Shareholders and lawyers are out for blood -- homing in on Cisco's aggressive lending and accounting practices

April 23, 2001

5 Min Read
Cisco Socked with Shareholder Suits

A week after Cisco Systems Inc. (Nasdaq: CSCO) announced a $2.5 billion inventory write-off (see Cisco's Inventory Woes Mount), investors and their lawyers are taking aim at the company and its officers (see Cisco Faces Another Suit).

It's common for shareholder lawsuits to emerge after a precipitous drop in stock price, regardless of cause. Cisco's case is interesting, however, because it is being hit by several suits targeting its accounting practices at a time when those very practices are coming under increased scrutiny.

“This is one of the most egregious abuses of insider trading that we have ever encountered,” says William Lerach, a partner at the law firm Milberg Weiss Bershad Hynes and Lerach LLP, which filed suit against Cisco on Friday.

Milberg Weiss is one of at least two firms that have already filed federal lawsuits in California and in Maryland on behalf of shareholders, alleging that Cisco and its officers violated federal securities laws by disseminating false and misleading information about its products, financial results, and prospects for fiscal 2001 and 2002 and beyond.

Investors typically file shareholder lawsuits after a company pre-announces negative earnings news, says Daniel Sommers a partner at Cohen Milstein Hausfeld & Toll, a firm that also handles shareholder lawsuits. Foundry Networks Inc. (Nasdaq: FDRY) and Lucent Technologies Inc. (NYSE: LU) have also been targets of similar lawsuits since the market took a nose-dive back in December (see Foundry Slapped With Shareholder Suit).

Many of these suits never make it to trial, because they are either dismissed or settled out of court. But analysts who follow Cisco think that shareholders could have a good case against the company.

“This was the biggest inventory write-off in the technology sector ever,” says Gina Sockolow, an analyst with Buckingham Research Associates (BRA). "I think the inventory write down and the implications on future earnings are so great that the suit might actually have legs. But what it comes down to is what they knew and when they knew it."

The lawsuits center around Cisco’s accounting practices, which the suits claim are in violation of Financial Accounting Standards Board (FASB) and Securities and Exchange Commission (SEC) rules.

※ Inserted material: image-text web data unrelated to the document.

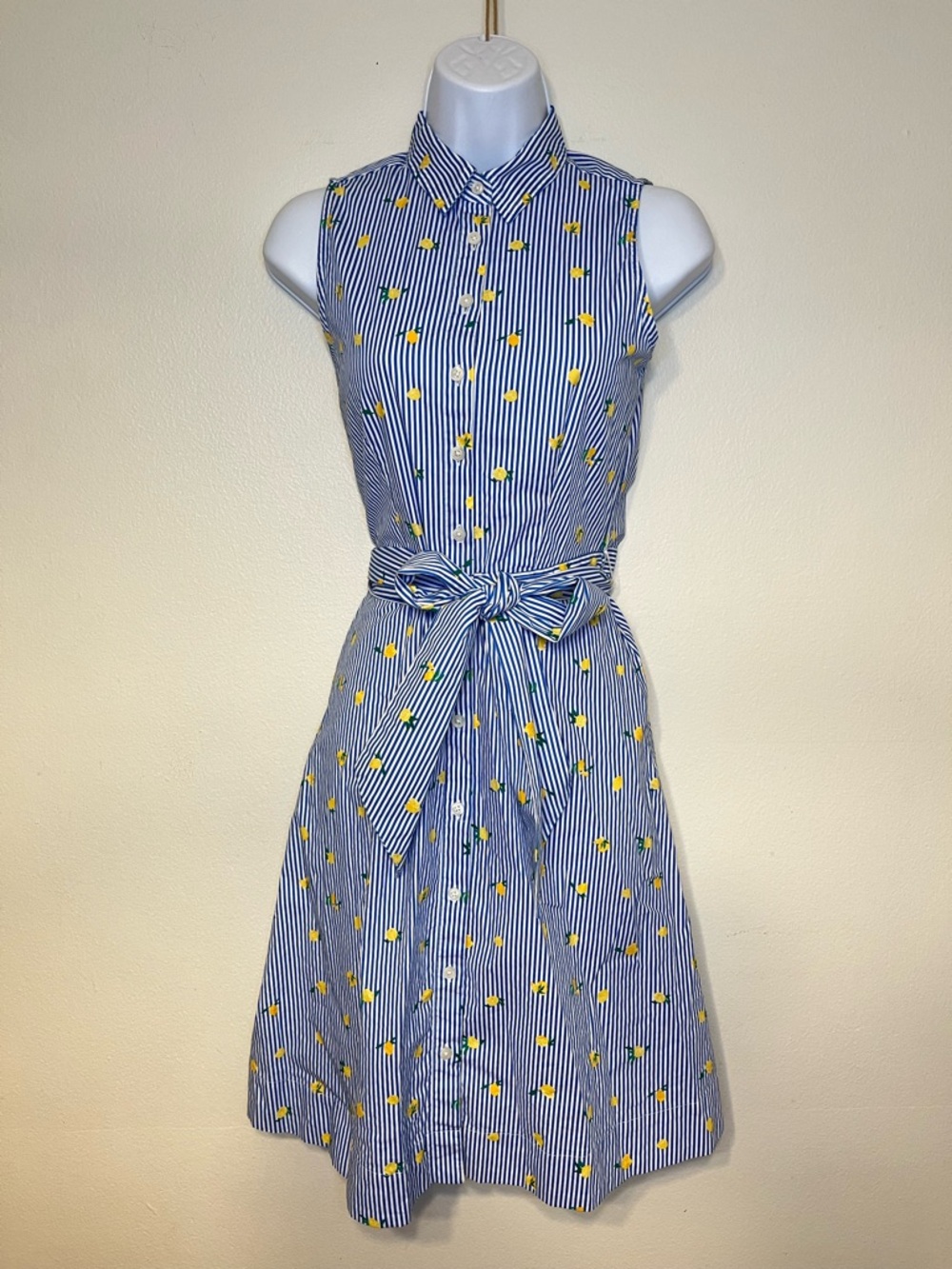 J. Crew Lemon Striped Dress - Picture 3 of 9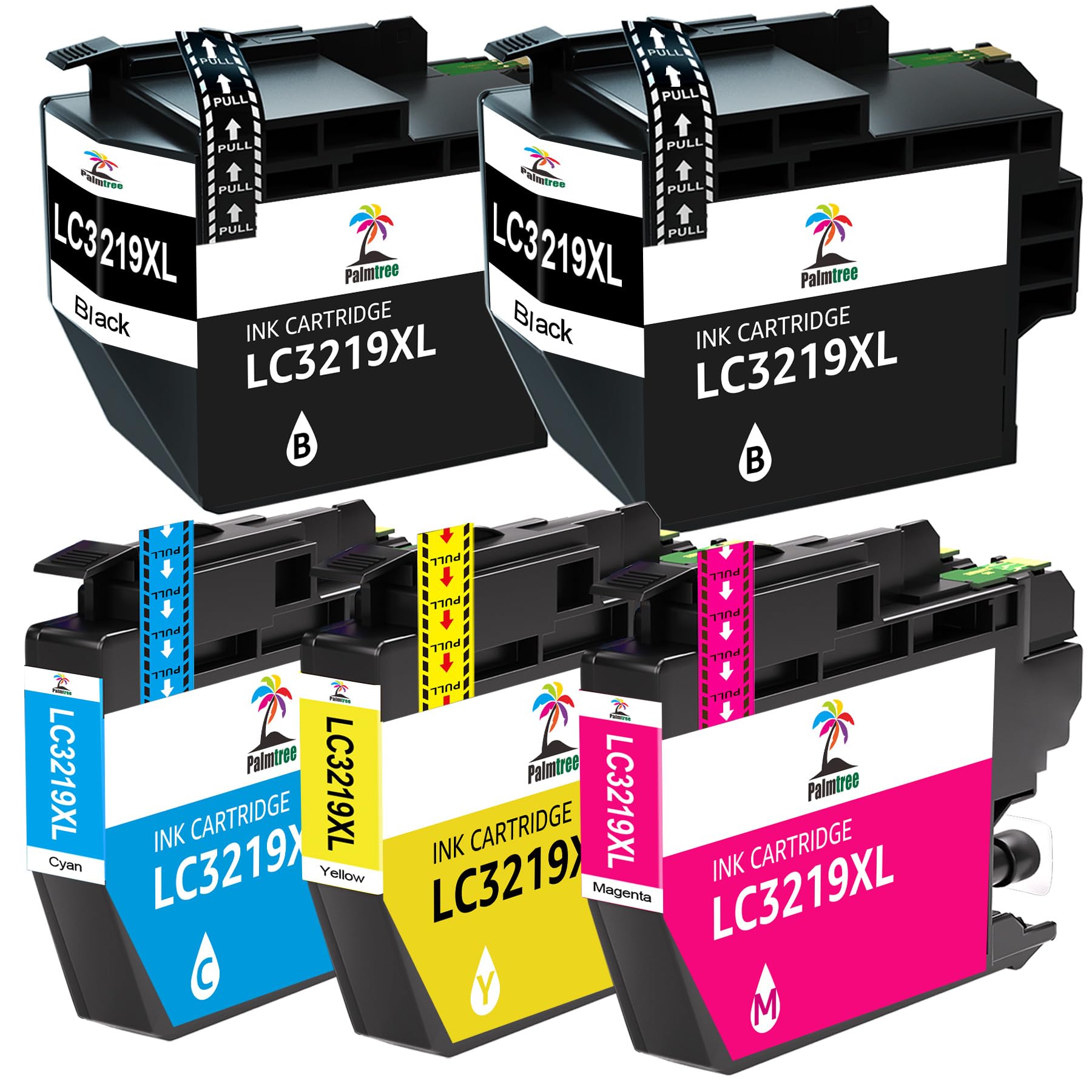 Palmtree LC3219XL Compatible Brother LC3219 LC3217 Ink Cartridges for Brother MFC-J5330DW MFC-J5335DW MFC-J5730DW MFC-J5930DW MFC-J6530DW MFC-J6930DW MFC-J6935DW (2Black, Cyan, Magenta, Yellow)
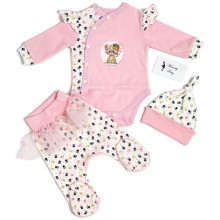 Комплект 3 ед. RoyalBaby Лапки с фатином, р.56 - 0-3 мес.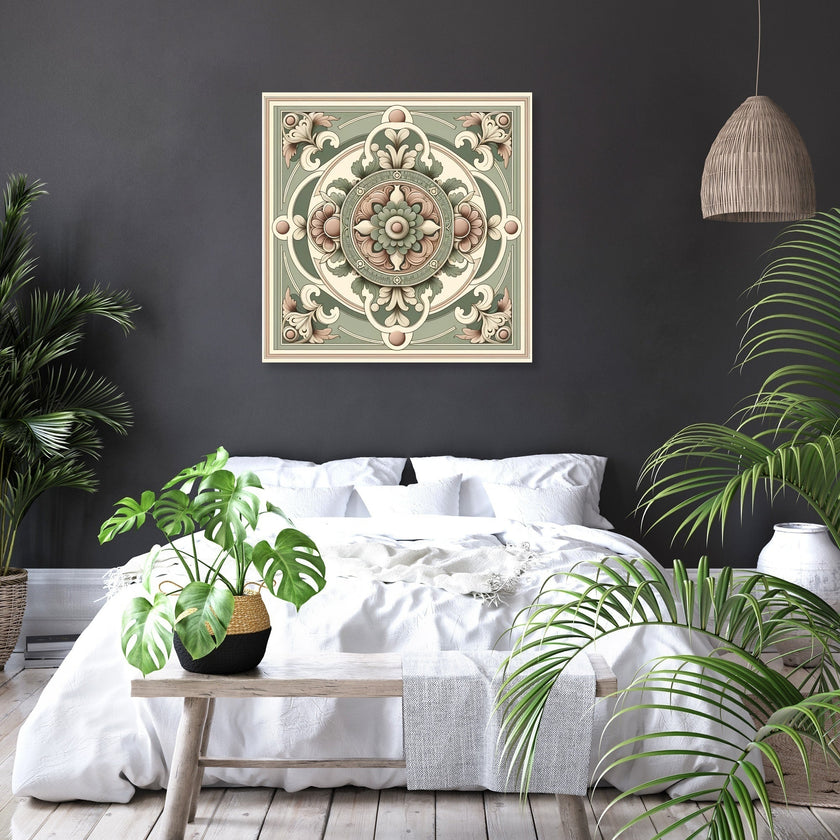 Classical Medallion Canvas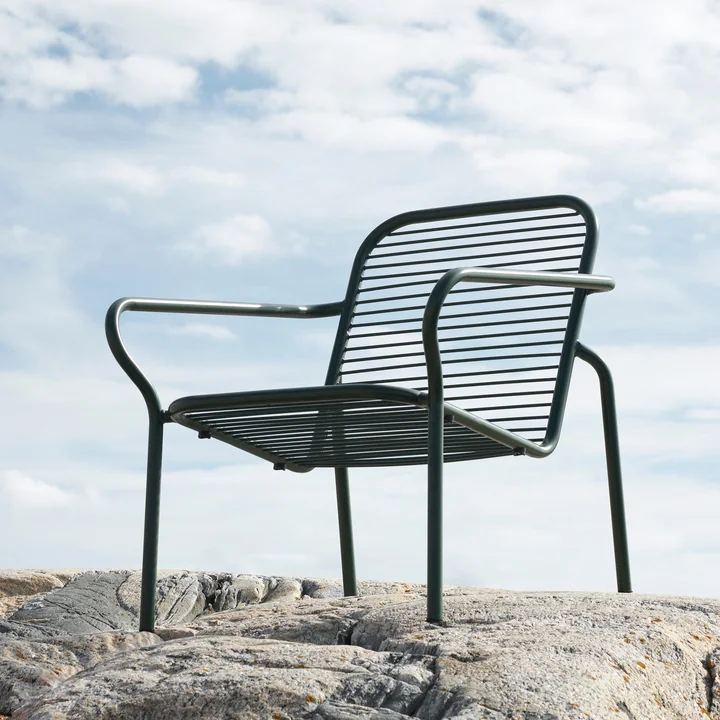 Normann Copenhagen - Vig Lounge Chair, dunkelgrün
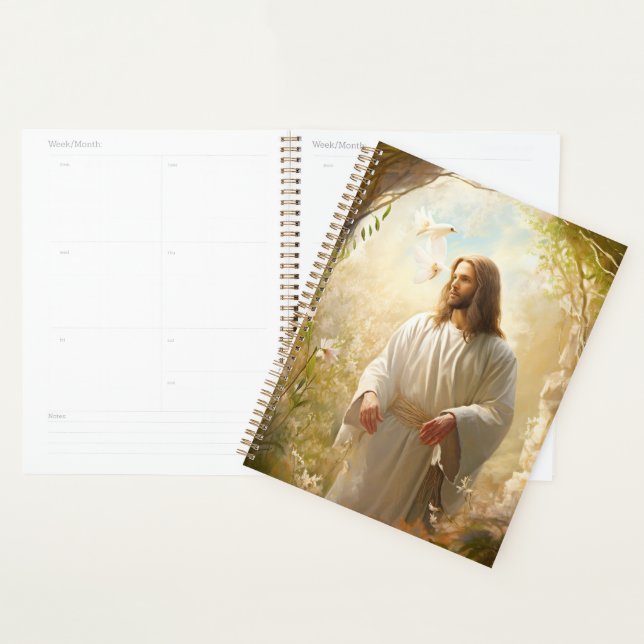Livre du planificateur Jésus (Devant avec enveloppe)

According to the suit filed in California, Cisco provided excessive financing to fledgling CLECs (competitive local exchange carriers) like American Metricom, Digital Broadband Communications, Harvardnet, PSINet, and Vectris Communications even when its officers knew the service providers could not meet very minimal convenants with Cisco Systems Captial, the financing arm of the company. The suit alleges that Cisco offered these liberal terms to generate more business for the company. But many of these providers defaulted on their loans and never paid for the products that were shipped.

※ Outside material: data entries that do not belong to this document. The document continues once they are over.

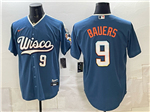 Milwaukee Brewers #9 Jake Bauers Blue 2026 City Connect Jersey
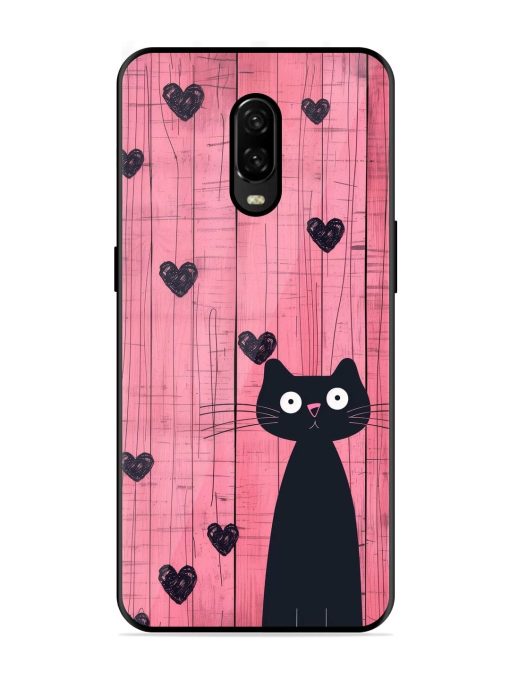 Feline Valentine'S Day Glossy Soft Edge Case for Oneplus 6T Chachhi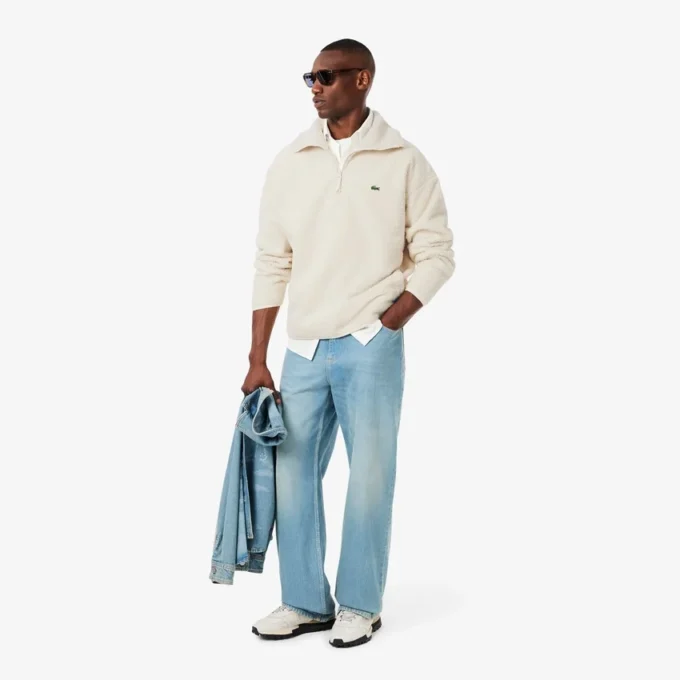 Felpa da uomo in pile polare con zip Felpa da uomo in pile polare con zip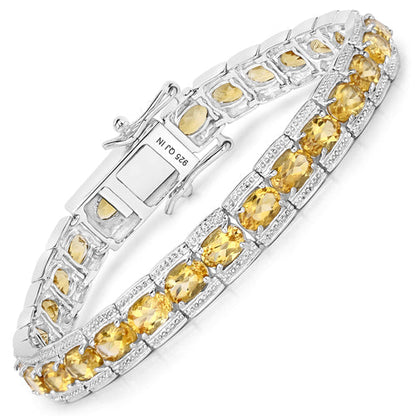 12.47 Carat Genuine Citrine .925 Sterling Silver Bracelet by Bids.com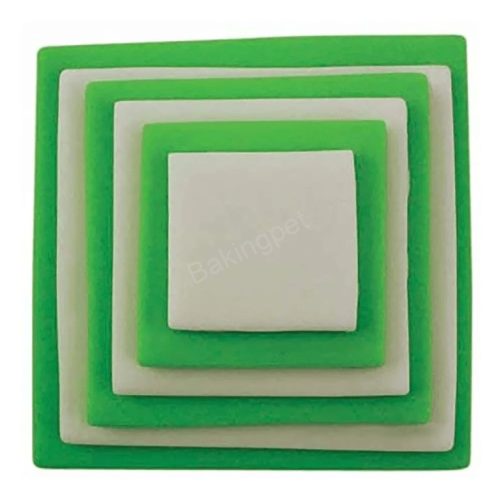 Műanyag sütemény kiszúró-6 darab négyzet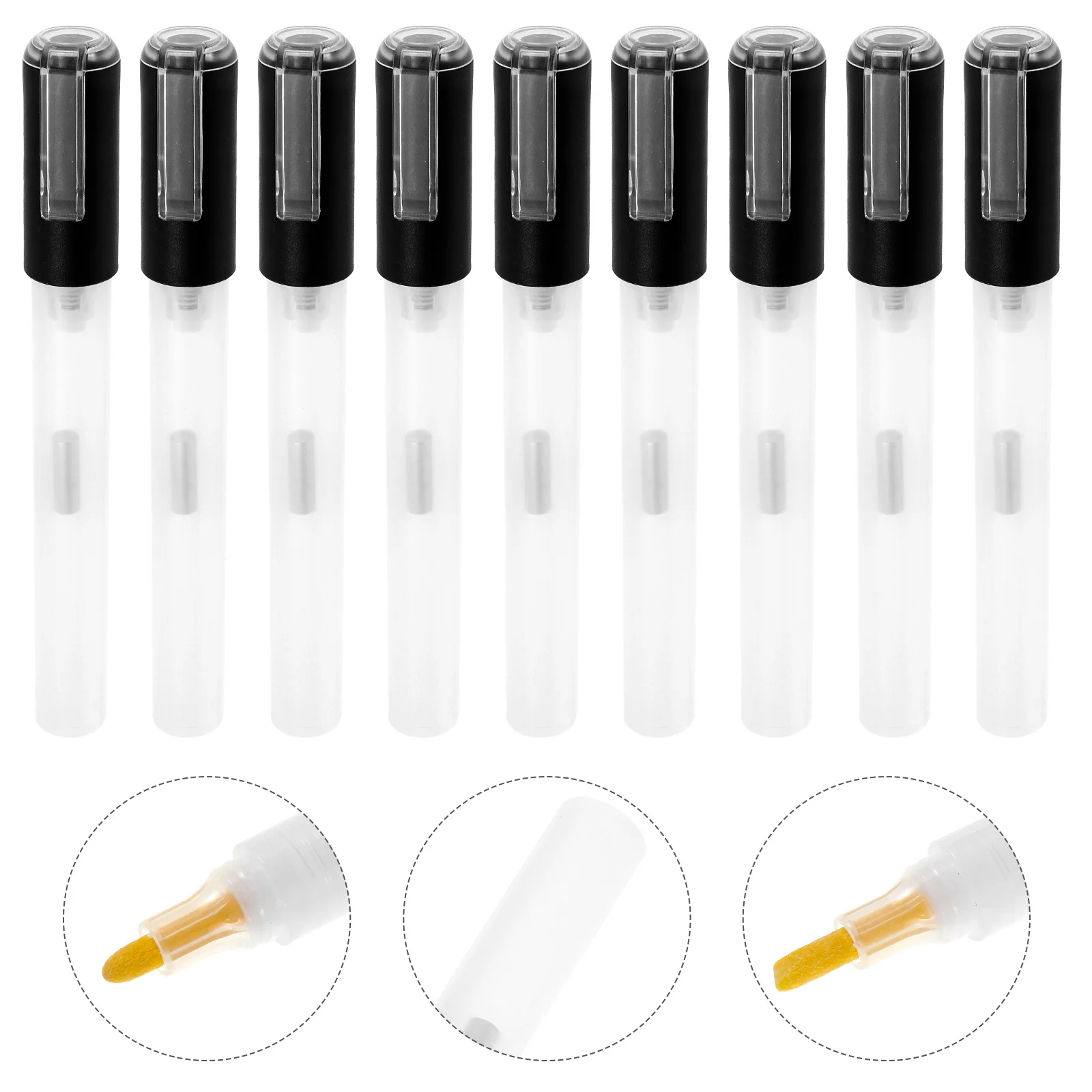 

15 шт. пустые заполняемые ручки для рисования, маркеры для художественного ремесла, многоразовый маркер для рисования, косые круглые кончики, поверхности бумаги для рисования граффити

“In order to inflate prices of Cisco stock defendants caused the company to falsely report results for at least the 4th Q 99, 1st Q 2000, 2nd Q 2000, 3rdQ 2000, 4th Q 2000, 1st Q 2001 and 2nd Q 2001 through improper revenue recognition including recognizing as sales shipments of shell units of products not yet developed, manipulating revenue on financing arrangements with certain of its indirect customers including CLECs and failing to adequately accrue for bad debts, thereby materially overstating its revenue and net income during the class period,” reads the lawsuit filed in California.

But more than taking on risky business, the suit also contends that Cisco tried to hide this bad debt by not accounting for it properly. The suit says that the company violated the FASB Statement of Financial Standard No. 5 that requires the estimated portion of uncollectable receivable accounts be accrued in the period in which it becomes evident that it won’t be collected.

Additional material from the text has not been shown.